A soft set of economic data led the People’s Bank of China (PBoc) to ease monetary policy last week. Industrial production and retail sales were both weaker than expected in July, despite efforts to reopen the economy. China faces a number of challenges: new Covid infections reached a fresh record high during the current wave, meaning more people faced restrictions, and hot weather contributed to electricity shortages across a number of regions. China’s large real estate sector also remains challenged, with house prices continuing to fall. State guarantees have been announced to support property firms, so they can finish stalled building projects.

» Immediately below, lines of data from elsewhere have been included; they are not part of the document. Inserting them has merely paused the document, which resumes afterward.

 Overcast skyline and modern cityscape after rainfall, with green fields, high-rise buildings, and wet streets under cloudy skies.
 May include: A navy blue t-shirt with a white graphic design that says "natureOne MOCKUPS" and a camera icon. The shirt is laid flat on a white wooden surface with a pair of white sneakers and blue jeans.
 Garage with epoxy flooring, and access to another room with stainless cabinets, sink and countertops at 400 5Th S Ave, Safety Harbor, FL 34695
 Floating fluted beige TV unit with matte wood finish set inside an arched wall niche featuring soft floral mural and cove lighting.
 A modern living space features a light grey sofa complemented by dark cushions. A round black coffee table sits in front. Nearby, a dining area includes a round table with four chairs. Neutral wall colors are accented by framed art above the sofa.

While the PBoC has been trying to support growth by boosting credit growth, this has not been as effective as usual and last week the PBoC cut policy rates by 0.1%, with more cuts expected. However, it will not be until Covid measures are removed, that the real state of the property market will become apparent.

Japan economy

Japan enjoyed a healthy economic acceleration in the second quarter, though growth was weaker than expected. After a -0.1% fall in Q1, GDP grew by 0.5% in Q2. This was driven by a rebound in consumption spending, as Covid measures were withdrawn, along with business spending and stronger exports than imports. However, Covid cases are on the rise again and mobility indicators have fallen, suggesting consumption data may be weaker in the third quarter, though the number of seriously ill patients is lower than in previous waves. Looking forward, weak demand from China may weigh on Japan’s economy.

Sinoamerican relations

The US and Taiwan have started formal negotiations on a bilateral trade initiative to deepen economic ties. This is a tangible step by Taiwan to reduce its economic dependence on China, and is likely to worsen relations between China and Taiwan and the US. The announcement comes in the wake of a visit by US Speaker of the House Nancy Pelosi to Taiwan, which resulted in a number of military exercises on Taiwan’s borders.


Important information
The information contained in this article is believed to be correct but cannot be guaranteed. Past performance is not a reliable indicator of future results. The value of investments and the income from them may fall as well as rise and is not guaranteed. An investor may not get back the original amount invested. Opinions constitute our judgment as at the date shown and are subject to change without notice. This article is not intended as an offer or solicitation to buy or sell securities, nor does it constitute a personal recommendation. Where links to third party websites are provided, Close Brothers Asset Management accepts no responsibility for the content of such websites nor the services, products or items offered through such websites.